Type out the data exactly as given. Skip any image.

(DATA BLOCK)
================================
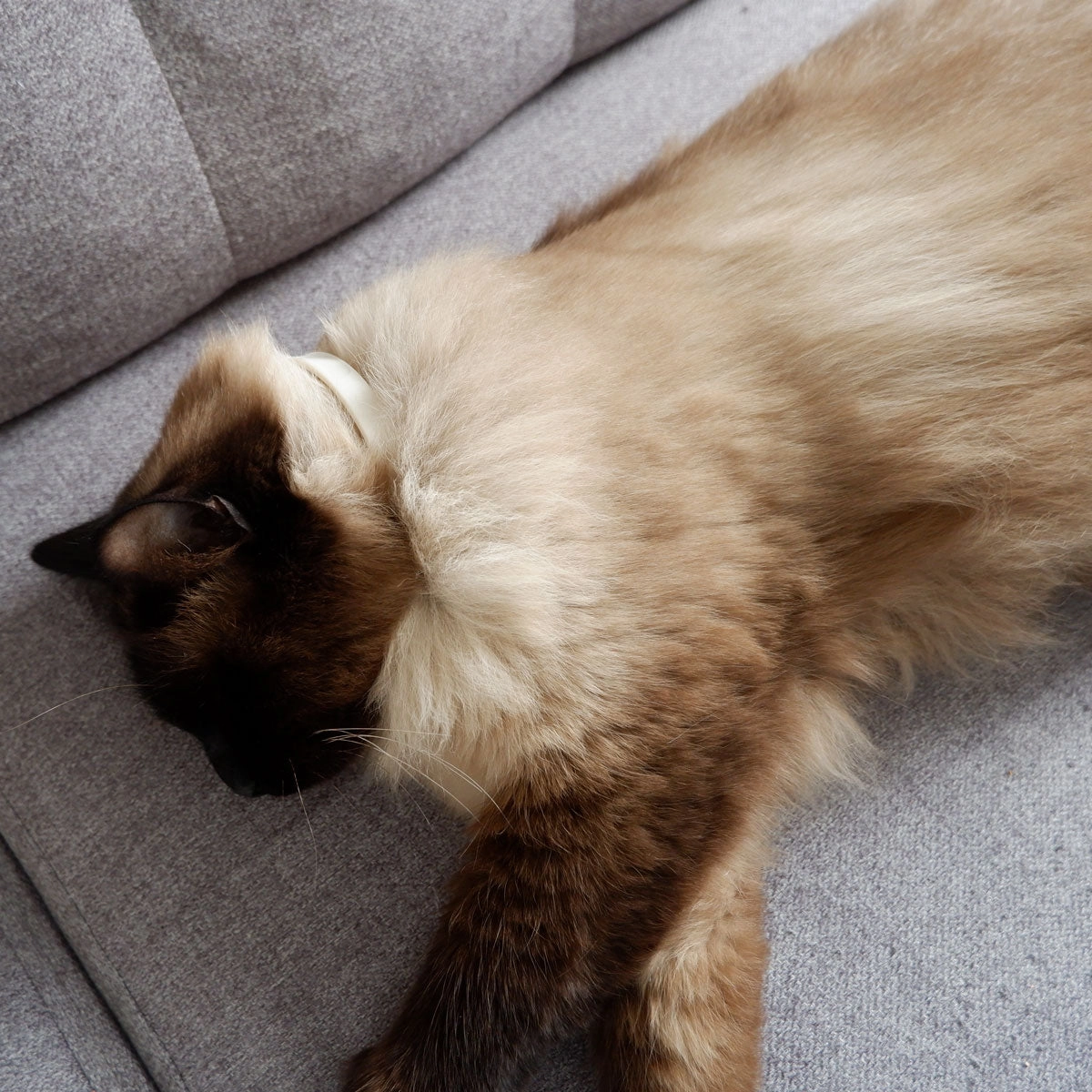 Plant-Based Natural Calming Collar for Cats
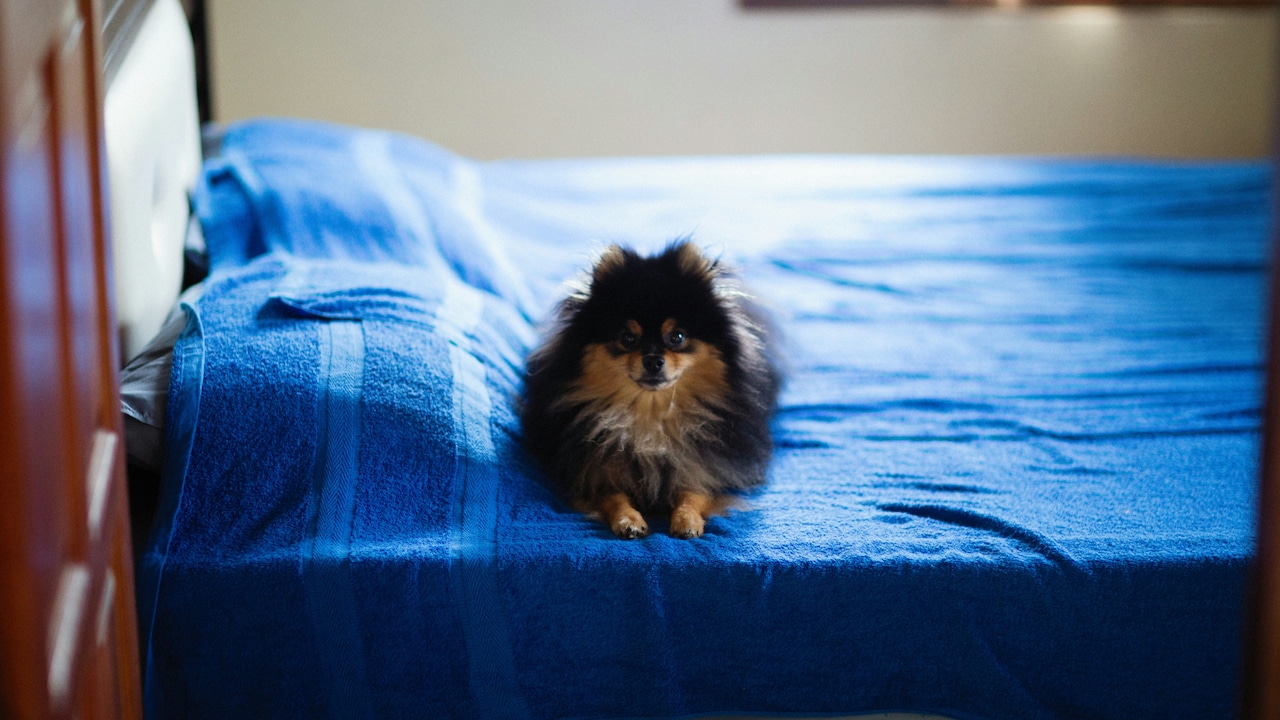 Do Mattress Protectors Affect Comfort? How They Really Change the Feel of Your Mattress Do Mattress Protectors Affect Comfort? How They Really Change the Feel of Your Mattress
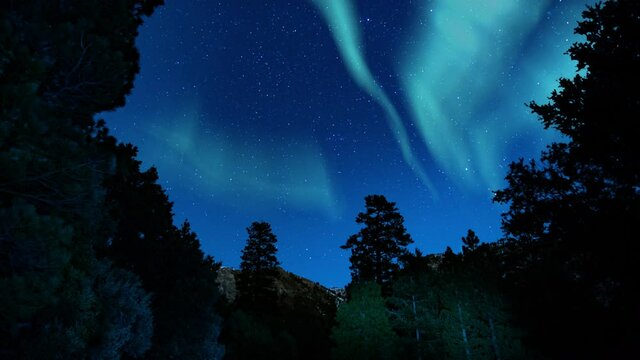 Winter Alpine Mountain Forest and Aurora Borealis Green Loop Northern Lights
================================
(OUTPUT FOR THIS EXERCISE)
 Plant-Based Natural Calming Collar for Cats
 Do Mattress Protectors Affect Comfort? How They Really Change the Feel of Your Mattress Do Mattress Protectors Affect Comfort? How They Really Change the Feel of Your Mattress
 Winter Alpine Mountain Forest and Aurora Borealis Green Loop Northern Lights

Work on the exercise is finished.